I am working on a research paper where I need to investigate conditions for the existence of probability distributions satisfying certain characteristics. I have already asked a related question (here), whose answers allowed me to frame better in my mind the problems I'm facing. In what follows, I report a close, although different, question.

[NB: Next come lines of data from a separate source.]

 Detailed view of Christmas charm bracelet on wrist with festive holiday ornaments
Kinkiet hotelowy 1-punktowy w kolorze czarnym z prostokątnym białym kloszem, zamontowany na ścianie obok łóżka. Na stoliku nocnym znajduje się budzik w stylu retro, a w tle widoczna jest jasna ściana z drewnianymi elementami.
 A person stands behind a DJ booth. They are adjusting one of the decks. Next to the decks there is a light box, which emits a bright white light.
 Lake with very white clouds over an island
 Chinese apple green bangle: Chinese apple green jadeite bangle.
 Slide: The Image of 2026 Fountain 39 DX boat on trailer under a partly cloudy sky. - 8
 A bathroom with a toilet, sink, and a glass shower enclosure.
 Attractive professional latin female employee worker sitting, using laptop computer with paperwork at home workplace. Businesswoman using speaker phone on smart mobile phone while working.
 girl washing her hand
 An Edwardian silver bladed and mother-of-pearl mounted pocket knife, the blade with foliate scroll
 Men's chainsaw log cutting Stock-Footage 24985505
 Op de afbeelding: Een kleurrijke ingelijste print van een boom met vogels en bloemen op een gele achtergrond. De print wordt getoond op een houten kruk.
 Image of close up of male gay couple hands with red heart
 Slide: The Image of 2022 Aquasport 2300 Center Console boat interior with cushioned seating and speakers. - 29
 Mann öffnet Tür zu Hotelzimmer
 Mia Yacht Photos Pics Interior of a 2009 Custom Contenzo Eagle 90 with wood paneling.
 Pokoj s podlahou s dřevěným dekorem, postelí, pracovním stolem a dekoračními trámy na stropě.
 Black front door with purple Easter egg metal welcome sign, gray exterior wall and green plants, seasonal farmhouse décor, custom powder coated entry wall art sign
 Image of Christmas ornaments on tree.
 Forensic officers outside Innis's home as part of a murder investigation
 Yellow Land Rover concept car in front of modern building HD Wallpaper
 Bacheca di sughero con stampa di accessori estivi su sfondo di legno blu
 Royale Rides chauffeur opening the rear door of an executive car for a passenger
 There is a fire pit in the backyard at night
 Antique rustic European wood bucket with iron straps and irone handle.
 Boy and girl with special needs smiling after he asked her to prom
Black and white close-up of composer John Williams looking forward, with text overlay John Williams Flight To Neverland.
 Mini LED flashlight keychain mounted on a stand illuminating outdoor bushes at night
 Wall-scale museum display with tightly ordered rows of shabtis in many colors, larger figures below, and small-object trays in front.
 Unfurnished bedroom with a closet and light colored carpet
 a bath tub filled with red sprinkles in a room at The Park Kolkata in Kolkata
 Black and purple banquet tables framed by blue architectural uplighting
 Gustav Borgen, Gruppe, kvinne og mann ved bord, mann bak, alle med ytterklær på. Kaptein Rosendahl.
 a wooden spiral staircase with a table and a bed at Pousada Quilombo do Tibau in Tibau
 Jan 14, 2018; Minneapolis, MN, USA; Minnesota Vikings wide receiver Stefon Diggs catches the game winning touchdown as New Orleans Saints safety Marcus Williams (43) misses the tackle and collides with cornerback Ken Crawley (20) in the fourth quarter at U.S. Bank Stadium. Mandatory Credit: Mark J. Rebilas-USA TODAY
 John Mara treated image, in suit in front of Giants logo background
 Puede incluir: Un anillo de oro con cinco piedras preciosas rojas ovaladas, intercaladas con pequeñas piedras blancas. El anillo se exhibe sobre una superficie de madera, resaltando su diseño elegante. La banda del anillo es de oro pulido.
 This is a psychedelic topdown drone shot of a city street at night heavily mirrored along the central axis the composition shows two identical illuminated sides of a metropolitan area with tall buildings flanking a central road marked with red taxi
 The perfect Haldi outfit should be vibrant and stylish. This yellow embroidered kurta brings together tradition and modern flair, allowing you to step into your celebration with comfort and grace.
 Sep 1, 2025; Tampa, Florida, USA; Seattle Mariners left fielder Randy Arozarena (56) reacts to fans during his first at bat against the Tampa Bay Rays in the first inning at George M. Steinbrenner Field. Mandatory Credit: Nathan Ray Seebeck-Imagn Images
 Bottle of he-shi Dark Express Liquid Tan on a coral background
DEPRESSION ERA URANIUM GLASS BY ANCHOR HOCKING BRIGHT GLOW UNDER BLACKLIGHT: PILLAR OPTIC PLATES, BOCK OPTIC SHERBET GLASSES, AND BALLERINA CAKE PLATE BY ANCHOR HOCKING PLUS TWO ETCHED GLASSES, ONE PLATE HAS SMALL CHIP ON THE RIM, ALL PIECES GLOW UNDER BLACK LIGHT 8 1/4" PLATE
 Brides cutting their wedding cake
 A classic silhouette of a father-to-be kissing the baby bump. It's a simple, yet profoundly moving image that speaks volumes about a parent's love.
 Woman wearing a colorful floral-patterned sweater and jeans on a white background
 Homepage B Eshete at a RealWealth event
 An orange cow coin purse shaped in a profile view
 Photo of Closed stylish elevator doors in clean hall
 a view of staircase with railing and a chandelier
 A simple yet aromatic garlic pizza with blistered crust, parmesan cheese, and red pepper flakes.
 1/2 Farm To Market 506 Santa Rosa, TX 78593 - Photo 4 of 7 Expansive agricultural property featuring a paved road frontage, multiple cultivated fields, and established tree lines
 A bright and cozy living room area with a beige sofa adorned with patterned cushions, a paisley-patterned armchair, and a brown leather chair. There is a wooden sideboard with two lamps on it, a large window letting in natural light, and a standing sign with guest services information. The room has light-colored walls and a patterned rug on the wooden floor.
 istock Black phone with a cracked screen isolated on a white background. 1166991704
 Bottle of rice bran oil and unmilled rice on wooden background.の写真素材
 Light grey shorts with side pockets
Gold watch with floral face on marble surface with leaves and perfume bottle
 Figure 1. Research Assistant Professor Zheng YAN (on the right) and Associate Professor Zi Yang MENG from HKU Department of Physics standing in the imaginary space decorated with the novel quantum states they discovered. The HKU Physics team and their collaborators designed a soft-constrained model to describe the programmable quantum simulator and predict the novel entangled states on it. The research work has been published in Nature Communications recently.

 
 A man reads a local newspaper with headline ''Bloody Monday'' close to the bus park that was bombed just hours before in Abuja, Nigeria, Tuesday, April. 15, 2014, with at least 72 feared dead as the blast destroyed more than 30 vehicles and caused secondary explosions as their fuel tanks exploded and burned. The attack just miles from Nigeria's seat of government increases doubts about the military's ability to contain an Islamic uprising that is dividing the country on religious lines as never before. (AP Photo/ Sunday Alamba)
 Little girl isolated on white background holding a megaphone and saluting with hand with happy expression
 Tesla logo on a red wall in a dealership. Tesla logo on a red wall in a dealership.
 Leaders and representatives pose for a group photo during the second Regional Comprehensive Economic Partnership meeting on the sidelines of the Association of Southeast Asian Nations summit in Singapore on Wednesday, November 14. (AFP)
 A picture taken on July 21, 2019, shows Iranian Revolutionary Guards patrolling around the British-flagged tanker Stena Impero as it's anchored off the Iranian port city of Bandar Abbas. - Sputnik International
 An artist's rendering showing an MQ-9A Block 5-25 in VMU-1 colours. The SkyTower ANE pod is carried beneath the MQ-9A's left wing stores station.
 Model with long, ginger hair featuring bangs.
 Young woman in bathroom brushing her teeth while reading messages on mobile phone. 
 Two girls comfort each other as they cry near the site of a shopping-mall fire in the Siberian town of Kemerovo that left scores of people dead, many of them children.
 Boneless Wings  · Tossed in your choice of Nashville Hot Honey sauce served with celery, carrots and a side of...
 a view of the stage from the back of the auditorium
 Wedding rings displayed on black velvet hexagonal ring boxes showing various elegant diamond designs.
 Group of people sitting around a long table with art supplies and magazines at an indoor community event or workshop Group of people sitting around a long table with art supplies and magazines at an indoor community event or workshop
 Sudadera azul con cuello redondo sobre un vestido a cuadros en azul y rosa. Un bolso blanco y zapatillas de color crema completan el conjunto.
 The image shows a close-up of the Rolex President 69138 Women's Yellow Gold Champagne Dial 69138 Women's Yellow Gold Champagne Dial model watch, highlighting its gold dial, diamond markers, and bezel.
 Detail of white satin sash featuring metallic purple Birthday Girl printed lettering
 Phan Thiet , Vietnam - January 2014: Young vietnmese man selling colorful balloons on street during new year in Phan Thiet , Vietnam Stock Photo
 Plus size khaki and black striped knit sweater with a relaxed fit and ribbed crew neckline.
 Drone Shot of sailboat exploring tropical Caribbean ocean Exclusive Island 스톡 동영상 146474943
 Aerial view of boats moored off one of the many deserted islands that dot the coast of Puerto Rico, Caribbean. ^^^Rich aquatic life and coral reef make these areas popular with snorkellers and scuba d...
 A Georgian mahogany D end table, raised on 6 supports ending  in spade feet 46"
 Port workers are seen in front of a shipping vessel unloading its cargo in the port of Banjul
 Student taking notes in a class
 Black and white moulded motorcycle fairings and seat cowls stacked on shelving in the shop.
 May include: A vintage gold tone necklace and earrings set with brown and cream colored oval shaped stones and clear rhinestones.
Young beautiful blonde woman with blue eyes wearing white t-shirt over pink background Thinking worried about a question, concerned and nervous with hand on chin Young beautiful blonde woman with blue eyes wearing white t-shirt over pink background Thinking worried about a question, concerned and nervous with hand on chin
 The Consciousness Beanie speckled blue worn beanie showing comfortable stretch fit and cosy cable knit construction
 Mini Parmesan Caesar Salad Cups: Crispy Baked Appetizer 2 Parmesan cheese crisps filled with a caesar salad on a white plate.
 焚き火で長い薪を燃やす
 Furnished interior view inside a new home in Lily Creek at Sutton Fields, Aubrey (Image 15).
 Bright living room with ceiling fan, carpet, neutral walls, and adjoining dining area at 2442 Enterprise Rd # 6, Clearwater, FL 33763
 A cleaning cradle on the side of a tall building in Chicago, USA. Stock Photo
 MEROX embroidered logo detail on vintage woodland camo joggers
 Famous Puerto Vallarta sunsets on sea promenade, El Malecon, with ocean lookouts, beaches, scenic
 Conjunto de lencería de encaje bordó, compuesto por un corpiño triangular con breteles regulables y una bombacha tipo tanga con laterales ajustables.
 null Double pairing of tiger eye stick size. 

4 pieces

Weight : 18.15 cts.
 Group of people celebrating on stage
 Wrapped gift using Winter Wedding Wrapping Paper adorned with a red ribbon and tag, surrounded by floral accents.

I will highlight the key differences below.

Consider a $6\times 1$ random vector $$ \eta\equiv (\eta_1,\eta_2,..., \eta_6) $$ satisfying the following property (hereafter, called Property 1):

**Property 1:** $$
\begin{pmatrix}
\eta_1\\
\eta_2\\
\eta_3
\end{pmatrix} \sim \begin{pmatrix}
\eta_4\\
-\eta_2\\
\eta_5
\end{pmatrix} \sim \begin{pmatrix}
\eta_6\\
-\eta_3\\
-\eta_5
\end{pmatrix} \sim \begin{pmatrix}
-\eta_1\\
-\eta_4\\
-\eta_6
\end{pmatrix} \sim G
$$
where "$\sim$" denotes "distributed as" and $G$ is an absolutely continuous distribution with full support on $\mathbb{R}^3$.

**Question A:** Let $\mathcal{G}$ denote the family of absolutely continuous distribution with full support on $\mathbb{R}^3$ and whose marginals are *symmetric around zero and identical*. For each $G\in \mathcal{G}$, does there exists a vector $\eta$ satisfying Property 1?

**Question B:** Let $\epsilon$ be a $4\times 1$ random vector
$$
\epsilon\equiv \begin{pmatrix}
\epsilon_1\\
\epsilon_2\\
\epsilon_3\\
\epsilon_0\\
\end{pmatrix} $$

For each $(G,\eta)$ satisfying Property 1, does there exist $\epsilon$ satisfying Property 2 described below?

**Property 2:**
$$
\begin{pmatrix}
1 & 0 & 0 & -1\\
1 & -1 & 0 & 0\\
1 & 0 & -1 & 0\\
0 & 1 & 0 & -1\\
0 & 1 & -1 & 0\\
0 & 0 & 1 & -1\\
\end{pmatrix}*\epsilon=\begin{pmatrix}
\eta_1\\
\eta_2\\
\eta_3\\
\eta_4\\
\eta_5\\
\eta_6
\end{pmatrix}
$$
and the distribution $F$ of $\epsilon$ is absolutely continuous with full support on $\mathbb{R}^4$?

**My thoughts:**

I believe that the answer to Question A is "Yes": any distribution in $\mathcal{G}$ satisfies Property 1. Certainly, there exist distributions outside $\mathcal{G}$ that can also satisfy Property 1.

I believe that the answer to Question B is "Yes" as well. However, I'm not 100% sure and I would appreciate your help. The answers here suggest that: if $F$ is absolutely continuous with full support on $\mathbb{R}^4$, then $G$ is absolutely continuous with full support on $\mathbb{R}^3$. Here, however, I'm asking something different: if $G$ is absolutely continuous with full support on $\mathbb{R}^3$, can we always find a distribution $F$ for $\epsilon$ that is absolutely continuous with full support on $\mathbb{R}^4$?